TASK DIRECTIONS:
Give back nothing but the number of lines in these entries that contain the word "government".

ENTRIES SHOWN:

_ _ _ _ _ _ _

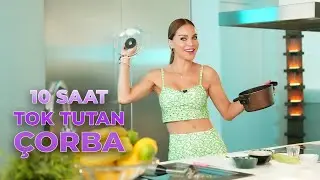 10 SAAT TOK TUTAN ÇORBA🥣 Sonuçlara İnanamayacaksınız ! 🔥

_ _ _ _ _ _ _

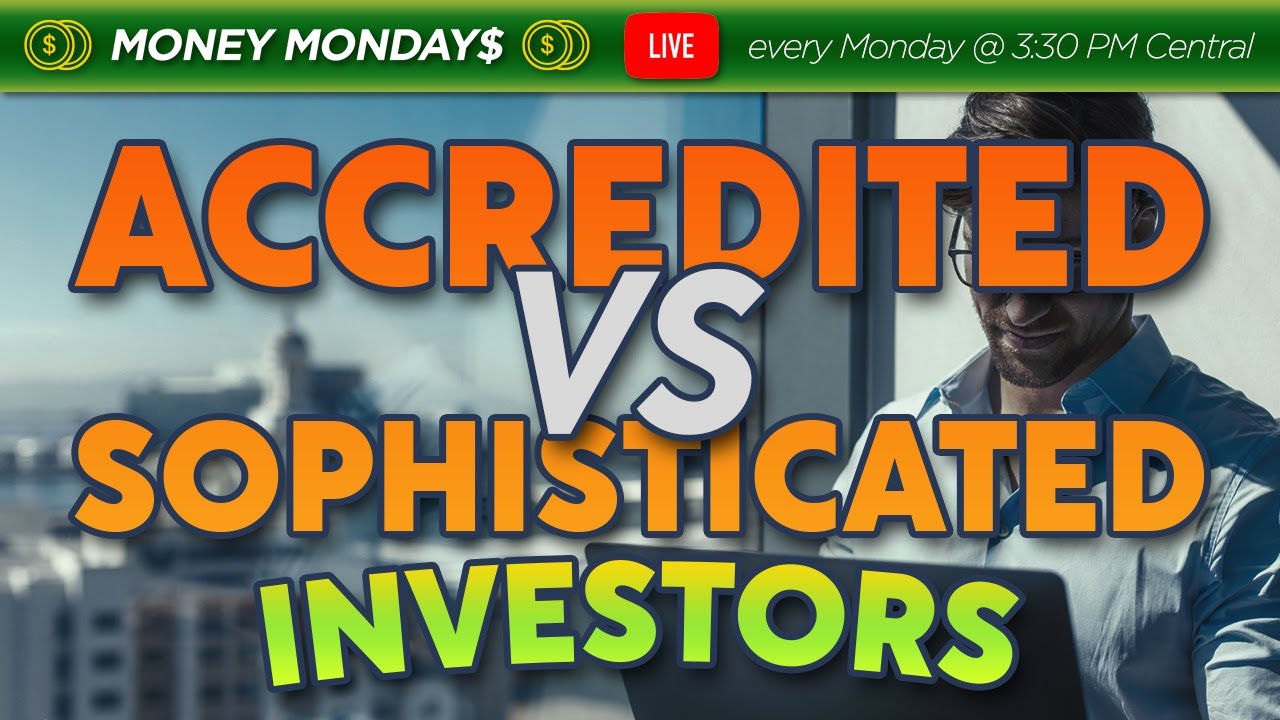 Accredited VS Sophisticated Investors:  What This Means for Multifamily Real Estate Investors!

_ _ _ _ _ _ _

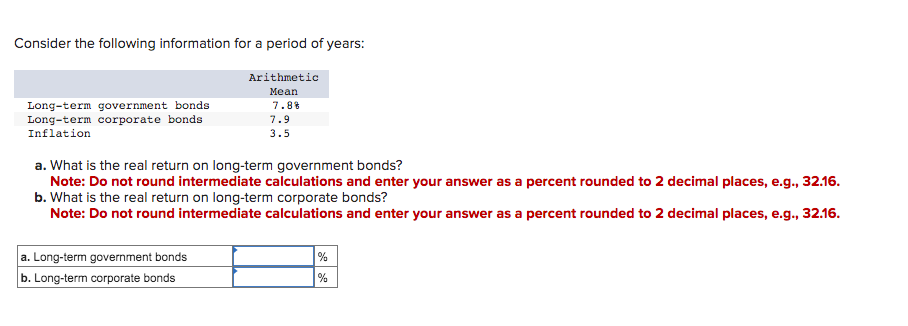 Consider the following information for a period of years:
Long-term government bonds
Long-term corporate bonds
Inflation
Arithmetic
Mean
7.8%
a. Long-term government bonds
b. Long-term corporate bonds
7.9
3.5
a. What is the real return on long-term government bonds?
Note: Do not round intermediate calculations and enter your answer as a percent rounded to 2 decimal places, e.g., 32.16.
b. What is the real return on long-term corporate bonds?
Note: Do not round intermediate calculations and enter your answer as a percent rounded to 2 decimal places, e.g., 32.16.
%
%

_ _ _ _ _ _ _

FINISHED TASK:
3